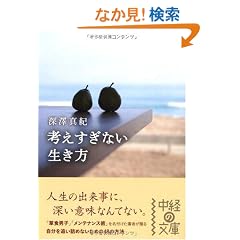 �l�������Ȃ������� (���o�̕���)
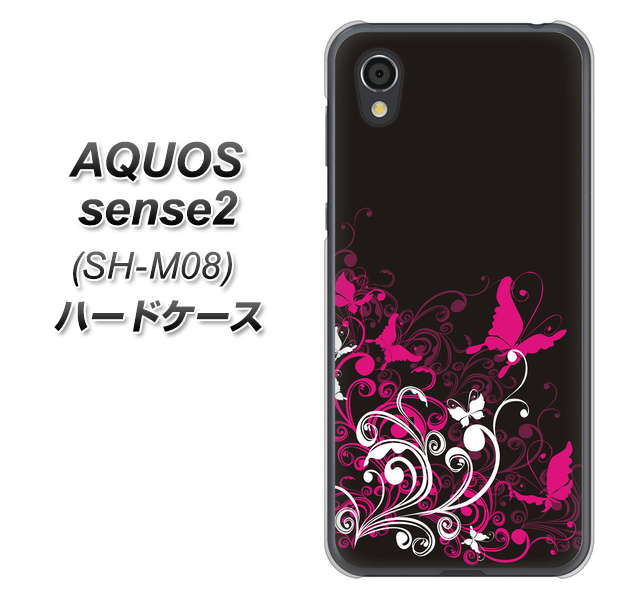アクオスセンス2 SH-M08 高画質仕上げ 背面印刷 ハードケース【585 闇に舞う蝶】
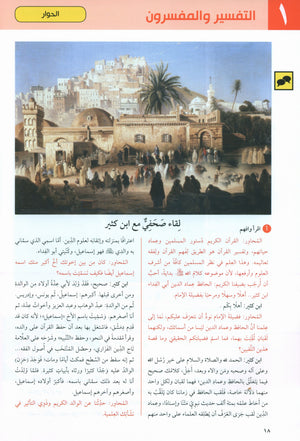 At-Takallum Upper-Intermediate (2 books & 1 CD) التكلم المستوى فوق المتوسط
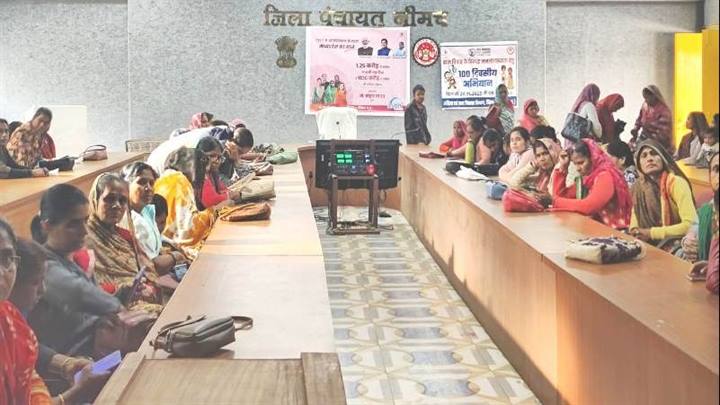 सीएम डा. मोहन यादव द्वारा जिले की 1.55 लाख बहनों के खाते में 22.81 करोड की राशि अंतरित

*Action item:*
Print the data above in full and exactly as it appears, skipping the pictures.

*Problem solution:*
 �l�������Ȃ������� (���o�̕���)
アクオスセンス2 SH-M08 高画質仕上げ 背面印刷 ハードケース【585 闇に舞う蝶】
 At-Takallum Upper-Intermediate (2 books & 1 CD) التكلم المستوى فوق المتوسط
 सीएम डा. मोहन यादव द्वारा जिले की 1.55 लाख बहनों के खाते में 22.81 करोड की राशि अंतरित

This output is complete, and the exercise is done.